Uneasiness creeps in when Jones takes their children to use the restroom. People stare.

“I have two little kids. What do I do if somebody makes a scene?” Jones said. “Because now it’s not just me as an adult fighting for myself.”

From social media posts denigrating queer parents to people wearing T-shirts bearing LGBTQ+-related slurs, Jones has seen firsthand an emboldened hostility. And the language used is intensifying, Jones said.

“Grooming. Harming children. Dangerous.”

It can seem, Jones said, as though it’s a badge of honor to openly discriminate.

And although Jones’ children are still very young, they worry what will happen as the girls get older. Will people bully the kids at school? Will parents exclude them from birthday parties?

Will they be safe?

“I’m tired, because all I want is to be able to provide an environment where my kids thrive and they are affirmed and they are loved,” Jones said, their voice cracking. “I’m most afraid that who I am is going to make their life harder, and there’s no way I can take that difficulty away.”

A sense of belonging

LGBTQ+ parents need allies, Jones said.
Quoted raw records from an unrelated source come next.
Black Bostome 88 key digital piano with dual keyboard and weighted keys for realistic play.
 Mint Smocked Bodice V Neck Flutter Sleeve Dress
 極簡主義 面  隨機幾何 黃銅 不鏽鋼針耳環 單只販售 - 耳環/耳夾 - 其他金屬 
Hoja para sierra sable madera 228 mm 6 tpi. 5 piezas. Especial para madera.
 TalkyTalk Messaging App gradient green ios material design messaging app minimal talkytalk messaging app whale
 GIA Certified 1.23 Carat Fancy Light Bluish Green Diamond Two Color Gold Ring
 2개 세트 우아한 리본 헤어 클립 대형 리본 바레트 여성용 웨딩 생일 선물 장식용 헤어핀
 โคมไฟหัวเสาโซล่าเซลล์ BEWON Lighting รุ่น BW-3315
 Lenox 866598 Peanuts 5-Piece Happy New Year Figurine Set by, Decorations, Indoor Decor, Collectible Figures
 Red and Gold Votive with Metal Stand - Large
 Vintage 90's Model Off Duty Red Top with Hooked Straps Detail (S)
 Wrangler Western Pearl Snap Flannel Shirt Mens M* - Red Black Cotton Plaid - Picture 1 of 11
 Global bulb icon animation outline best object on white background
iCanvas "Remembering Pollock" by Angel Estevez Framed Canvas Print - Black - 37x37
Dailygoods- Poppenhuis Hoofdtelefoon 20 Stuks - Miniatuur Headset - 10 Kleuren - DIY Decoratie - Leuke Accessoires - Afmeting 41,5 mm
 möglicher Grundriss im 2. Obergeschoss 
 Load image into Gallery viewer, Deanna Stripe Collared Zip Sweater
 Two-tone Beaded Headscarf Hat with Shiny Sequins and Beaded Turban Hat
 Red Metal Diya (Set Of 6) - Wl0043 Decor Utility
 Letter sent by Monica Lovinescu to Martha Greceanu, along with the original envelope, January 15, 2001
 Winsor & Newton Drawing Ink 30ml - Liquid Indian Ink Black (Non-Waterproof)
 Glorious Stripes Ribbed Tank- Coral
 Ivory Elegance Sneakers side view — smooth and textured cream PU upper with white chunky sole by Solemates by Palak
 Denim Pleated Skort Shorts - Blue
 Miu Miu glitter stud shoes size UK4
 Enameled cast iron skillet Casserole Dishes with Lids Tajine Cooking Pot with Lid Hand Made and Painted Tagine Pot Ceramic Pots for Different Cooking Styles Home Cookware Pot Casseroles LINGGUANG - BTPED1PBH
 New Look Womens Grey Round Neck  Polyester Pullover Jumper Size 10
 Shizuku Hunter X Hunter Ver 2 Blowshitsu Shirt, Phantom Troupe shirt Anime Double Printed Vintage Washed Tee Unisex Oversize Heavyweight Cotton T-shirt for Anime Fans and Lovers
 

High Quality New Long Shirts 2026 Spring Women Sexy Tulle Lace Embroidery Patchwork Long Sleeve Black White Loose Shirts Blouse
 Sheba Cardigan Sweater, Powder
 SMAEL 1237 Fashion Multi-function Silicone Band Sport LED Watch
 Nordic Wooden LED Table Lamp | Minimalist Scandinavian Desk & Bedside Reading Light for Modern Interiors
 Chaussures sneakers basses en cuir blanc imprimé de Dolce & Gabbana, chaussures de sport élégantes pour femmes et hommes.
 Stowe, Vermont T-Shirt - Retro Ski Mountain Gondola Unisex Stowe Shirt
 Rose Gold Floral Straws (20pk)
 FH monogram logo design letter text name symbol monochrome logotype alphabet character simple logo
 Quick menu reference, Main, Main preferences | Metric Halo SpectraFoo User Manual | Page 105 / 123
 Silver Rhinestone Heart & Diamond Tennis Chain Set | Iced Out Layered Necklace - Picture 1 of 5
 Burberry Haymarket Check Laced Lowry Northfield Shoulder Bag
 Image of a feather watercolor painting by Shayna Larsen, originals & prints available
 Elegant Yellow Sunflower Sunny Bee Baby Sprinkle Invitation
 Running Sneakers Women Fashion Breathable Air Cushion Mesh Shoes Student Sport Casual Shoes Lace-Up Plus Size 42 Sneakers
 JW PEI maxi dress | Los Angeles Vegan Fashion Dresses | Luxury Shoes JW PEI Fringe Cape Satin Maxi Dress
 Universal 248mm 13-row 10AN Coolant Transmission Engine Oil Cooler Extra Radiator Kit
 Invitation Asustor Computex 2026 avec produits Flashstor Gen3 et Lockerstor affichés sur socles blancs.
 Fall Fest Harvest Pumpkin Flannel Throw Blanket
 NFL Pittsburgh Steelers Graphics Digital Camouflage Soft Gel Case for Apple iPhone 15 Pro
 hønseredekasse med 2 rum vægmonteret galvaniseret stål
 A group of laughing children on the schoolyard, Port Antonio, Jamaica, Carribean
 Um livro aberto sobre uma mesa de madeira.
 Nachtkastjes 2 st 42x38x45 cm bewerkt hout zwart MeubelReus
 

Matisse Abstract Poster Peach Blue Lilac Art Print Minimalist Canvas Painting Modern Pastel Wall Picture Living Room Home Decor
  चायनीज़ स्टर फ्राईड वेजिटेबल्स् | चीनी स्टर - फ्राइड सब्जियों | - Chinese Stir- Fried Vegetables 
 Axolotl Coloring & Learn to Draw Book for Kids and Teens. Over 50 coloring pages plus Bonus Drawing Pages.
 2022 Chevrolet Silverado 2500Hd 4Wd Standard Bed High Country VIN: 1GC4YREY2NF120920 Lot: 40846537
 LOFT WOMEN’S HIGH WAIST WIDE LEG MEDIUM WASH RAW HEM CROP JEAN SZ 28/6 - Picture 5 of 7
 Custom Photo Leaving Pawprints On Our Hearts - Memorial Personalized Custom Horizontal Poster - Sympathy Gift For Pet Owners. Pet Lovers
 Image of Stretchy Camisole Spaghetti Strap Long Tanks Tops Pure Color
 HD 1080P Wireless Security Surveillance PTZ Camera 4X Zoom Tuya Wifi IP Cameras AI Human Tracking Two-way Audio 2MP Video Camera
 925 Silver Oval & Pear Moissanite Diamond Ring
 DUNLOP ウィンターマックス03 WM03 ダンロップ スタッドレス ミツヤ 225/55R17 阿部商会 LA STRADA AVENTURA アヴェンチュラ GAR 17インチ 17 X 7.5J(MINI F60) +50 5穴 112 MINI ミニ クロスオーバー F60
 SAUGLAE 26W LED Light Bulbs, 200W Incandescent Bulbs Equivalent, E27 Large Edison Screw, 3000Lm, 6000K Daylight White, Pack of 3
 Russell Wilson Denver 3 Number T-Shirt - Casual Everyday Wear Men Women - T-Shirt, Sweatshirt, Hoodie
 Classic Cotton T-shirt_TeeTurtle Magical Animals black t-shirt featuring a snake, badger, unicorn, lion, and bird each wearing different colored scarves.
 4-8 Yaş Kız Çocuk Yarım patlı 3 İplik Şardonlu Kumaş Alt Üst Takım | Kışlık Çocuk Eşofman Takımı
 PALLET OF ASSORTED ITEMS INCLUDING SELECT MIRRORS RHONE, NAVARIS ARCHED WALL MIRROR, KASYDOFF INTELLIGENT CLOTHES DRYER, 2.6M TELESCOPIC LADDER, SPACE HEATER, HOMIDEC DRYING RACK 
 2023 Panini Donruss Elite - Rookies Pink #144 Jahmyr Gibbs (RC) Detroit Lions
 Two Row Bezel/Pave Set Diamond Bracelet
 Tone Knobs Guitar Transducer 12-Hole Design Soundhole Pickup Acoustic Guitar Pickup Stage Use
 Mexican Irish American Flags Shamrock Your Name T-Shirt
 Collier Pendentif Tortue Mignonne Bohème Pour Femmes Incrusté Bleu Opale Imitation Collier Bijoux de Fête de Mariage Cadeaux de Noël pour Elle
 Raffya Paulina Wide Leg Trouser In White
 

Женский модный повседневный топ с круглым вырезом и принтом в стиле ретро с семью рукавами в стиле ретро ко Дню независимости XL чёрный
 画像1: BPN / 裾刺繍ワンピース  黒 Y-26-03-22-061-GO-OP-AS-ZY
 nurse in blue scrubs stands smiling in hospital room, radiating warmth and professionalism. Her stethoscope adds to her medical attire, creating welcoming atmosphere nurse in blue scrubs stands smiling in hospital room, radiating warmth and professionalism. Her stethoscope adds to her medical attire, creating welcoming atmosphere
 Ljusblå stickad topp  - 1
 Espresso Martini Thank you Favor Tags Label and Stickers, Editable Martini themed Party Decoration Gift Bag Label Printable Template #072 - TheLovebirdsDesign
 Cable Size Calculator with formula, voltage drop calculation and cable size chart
Not passive, “share-a-post-on-Facebook allies,” but the kind who speak up and say something when a loved one makes a harmful remark, when they see an act of discrimination or hate in public settings.

For now, these parents are turning to one another for support and community, Jones said.

In St. Petersburg, for Floyd-Nye, Pride month brought a reinvigorated sense of belonging — a reminder that, despite her real safety concerns, she can find support in neighbors, local business owners, friends.

“I’ve gone from feeling vulnerable and exposed to feeling really humbled and supported and like we do belong,” Floyd-Nye said.

Earlier this year, her family was thinking about leaving the state.

“I feel like in this political climate, that’s what the other side wants,” she said. “And I refuse to give in to that.”

Kari Chin, who has four children with her wife, Debbie, said that just seeing the pride flag around town is a reminder to her family that, even amid all the pushback, they are at home here in St. Petersburg.

In 2015, the Chins were one of three same-sex couples to sue after Florida refused to acknowledge both parents on their child’s birth certificate.

They won.

Pride’s origins are rooted in protest, Chin emphasized. One of her children has a heart condition that makes it impossible for the family to attend this year’s festivities, but she said she’s been sharing event listings with friends who have been traveling around the state to join different Pride celebrations.

The goal: Show up, and be seen.

“It’s so important that they’re happening,” Chin said. “That my kids can see the pride flag while walking down the street and see that there’s a community that supports them.”

Correction: An earlier version of this story misstated the genders of two children due to a reporting error. Callen Jones’ toddlers are girls.